The European Central Bank competes with Bitcoin

Date: 10 April 2024

The ECB has several reasons for developing a CBDC. They want to reduce reliance on private money. Money put into circulation by the central bank is what we call public money. These are physical banknotes and coins. Private money is money put into circulation by commercial banks. This is money you can access online. With current technological developments and their adoption, cash is becoming increasingly obsolete. The ECB wants to avoid becoming completely dependent on private money because it has a number of downsides.

The Austrian school of economics questioned monetary policy as early as the 19th century. Monetary policy would cause fluctuations in the business cycle. Ideas from the Austrian school have been adopted in the most famous crypto: Bitcoin.

In short, Bitcoin is the largest cryptocurrency in market size. Bitcoin is an alternative payment currency and therefore offers competition with the euro. Friedrich Hayek an economist from the movement of the Austrian school of economics states in a report “Choice in Currency,” that people should be able to choose which currency they want to pay with. As a result, the best currency will be used the most. The ECB sees the increase in the adoption of cryptocurrencies as a threat and would like to have more control over payments itself. By innovating the euro, people would regain confidence in the euro. An example of a possible advantage is that payments could go directly between parties (peer-to-peer), like the possibilities that Bitcoin offers. This means there is no third party to whom you must pay transaction fees. This should make cross-border payments cheaper.

Through the CBDC, the ECB can properly track financial traffic. The ECB would be able to track the financial behavior of individuals. To use the CBDC, users must follow an onboarding process like opening a bank account. In doing so, they provide personal data. Governments have indirect visibility into the data at the ECB. In other words, the financial behavior of individuals may become visible to the government. This creates privacy concerns. For the CBDC to be a success, the ECB needs to ensure the privacy of the people using the CBDC. Studies suggest that people will use a CBDC only if it offers good privacy. Privacy is a basic human right, and it helps against unjust power abuse. But to what extent should we allow privacy within the CBDC process without blurring compliance requirements.

The offline CBDC should provide more privacy for lower transactions. This involves limiting the amount and number of transactions. This should make it less attractive for criminals to abuse the digital euro.

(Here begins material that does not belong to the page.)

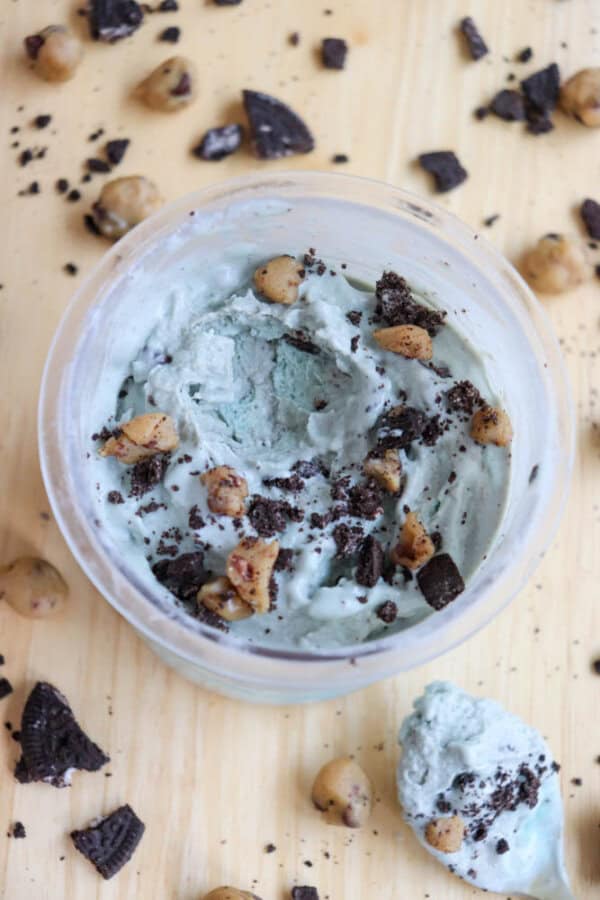 A bowl of pale blue ice cream mixed with chocolate chunks and cookie dough pieces, set on a light wooden surface. Some chocolate and cookie dough pieces are scattered around the bowl, with a spoonful of ice cream beside it.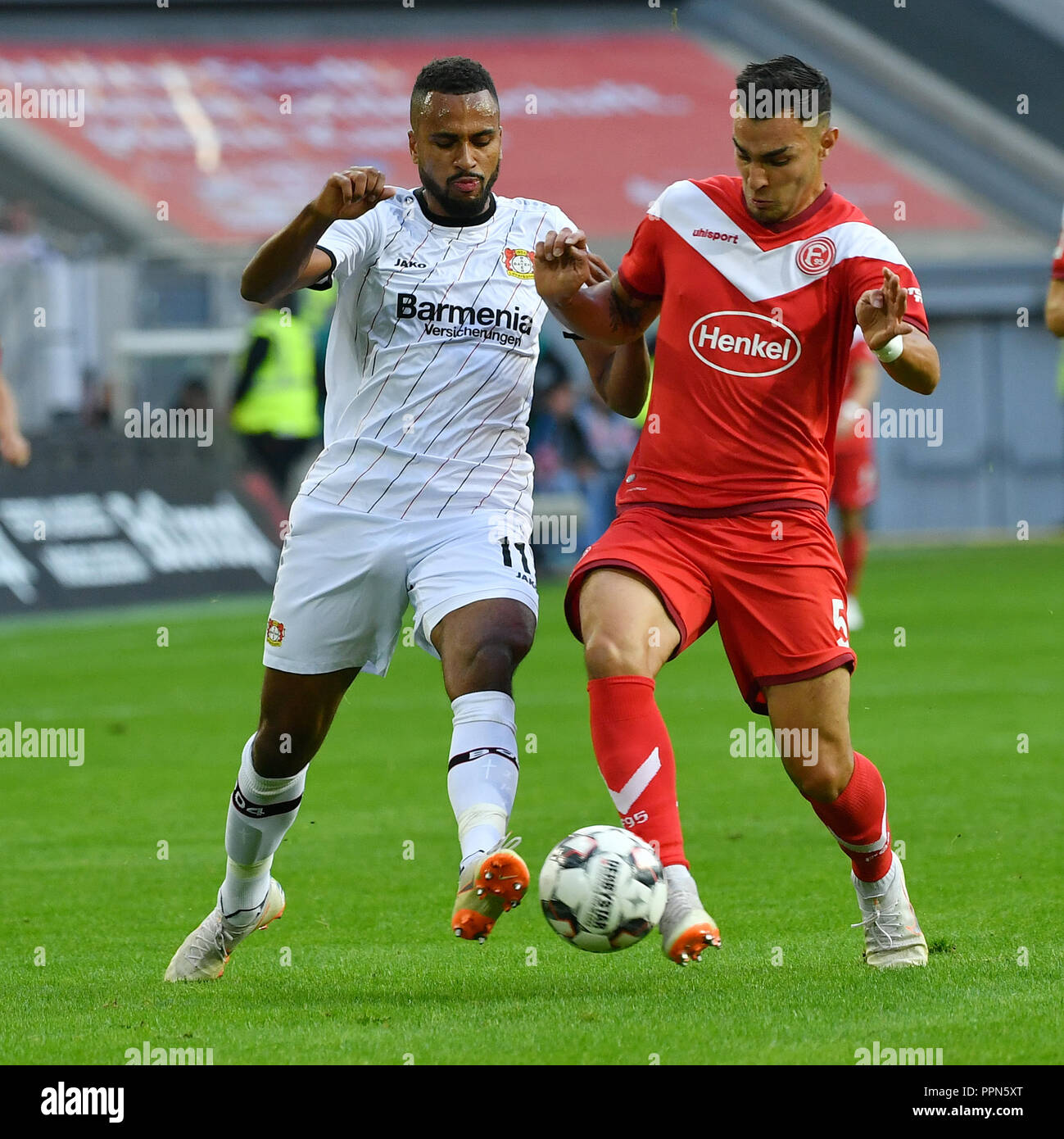 Dusseldorf. 26th Sep, 2018. Kaan Ayhan (R) of Fortuna Dusseldorf and Isaac  Kies Thelin of Bayer Leverkusen battle for the ball during the Bundesliga  match between Fortuna Duesseldorf and Bayer Leverkusen at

For the online CBDC, the current plan is to screen transaction data in the same way as the regular banking system does. The transaction monitoring will be done by Payment Service Providers, most likely commercial banks. Only the most necessary data will then be shared with the ECB, and this will be done pseudo anonymously. This means that not the individual’s data will be sent, but for example only his/her account number.

Not only Europe is developing a CBDC. Other countries are looking into the possibilities as well. China is working on the Digital Yuan, which they see as an additional tool for monitoring and controlling citizen behavior. Strangely enough, they are offering the same possibilities as the ECB is planning with the Digital Euro. According to a press release of the Central bank of China, the digital yuan would be anonymous for small transactions and monitored according to legal requirements for larger amounts. Again, the data would not be shared with governments, only where required by law. China is trying to get citizens to use the CBDC, but less than 20% actually do so. It seems that the people who created a wallet did so to participate in the lotteries offered when creating an account and not to use the CBDC.

China is trying to get its citizens to use the E-yuan because the CBDC could be programmable. This means that the government can attach conditions to the money. This means that the government could potentially only allow people to spend the CBDC for certain spending purposes. For example, the government can stipulate that their citizens cannot buy more than one airline ticket. This way of financial control is the biggest dream of an authoritarian superstate. Europe says it will not make the digital euro programmable and wants to establish this by law.

Is programmability always bad? This can be debated. Programmability can also protect individuals. For example, a gambling addict could gamble only a limited portion of his income, or an alcoholic could buy limited liquor. People in debt can also be helped by using part of their income immediately to pay off debts. However, this does raise the question of whether this is not the responsibility of the individual rather than the government.

The government could also have an interest in programmable money. They could send grants directly from the government to the allocation for which the grant is intended. Thus, subsidies could not be used for other purposes. In addition, taxes could be paid directly to the government.

Venezuela launched the Petro in 2018, this CBDC would be backed by commodities such as oil, gold and diamonds. Therefore, its value would be much more stable than the bolivar, Venezuela’s currency, which is subject to hyperinflation. Despite the government’s effort, adoption of the Petro remained limited. After a corruption scandal involving the mismanagement of the underlying commodities, Venezuela decided to stop the CBDC project.

A CBDC was also introduced in Nigeria: the eNaira. The population shows little interest. The government is trying to encourage the eNaira by placing restrictions on cash, among other stimulants. In the Bahamas, the Sand Dollar is also not a success despite all the incentives offered by the government.

We can conclude that for the innovative digital euro to be a success, the ECB will have to be able to safeguard the privacy of its users. More importantly, convince the public that their data is safe with the ECB. Global examples show that there is little interest in a CBDC. The most common argument against this is privacy concerns. Overall, the question remains: how do we meet the compliance requirements without citizens sacrificing their privacy?

In this article, by CBDC, we mean retail CBDC.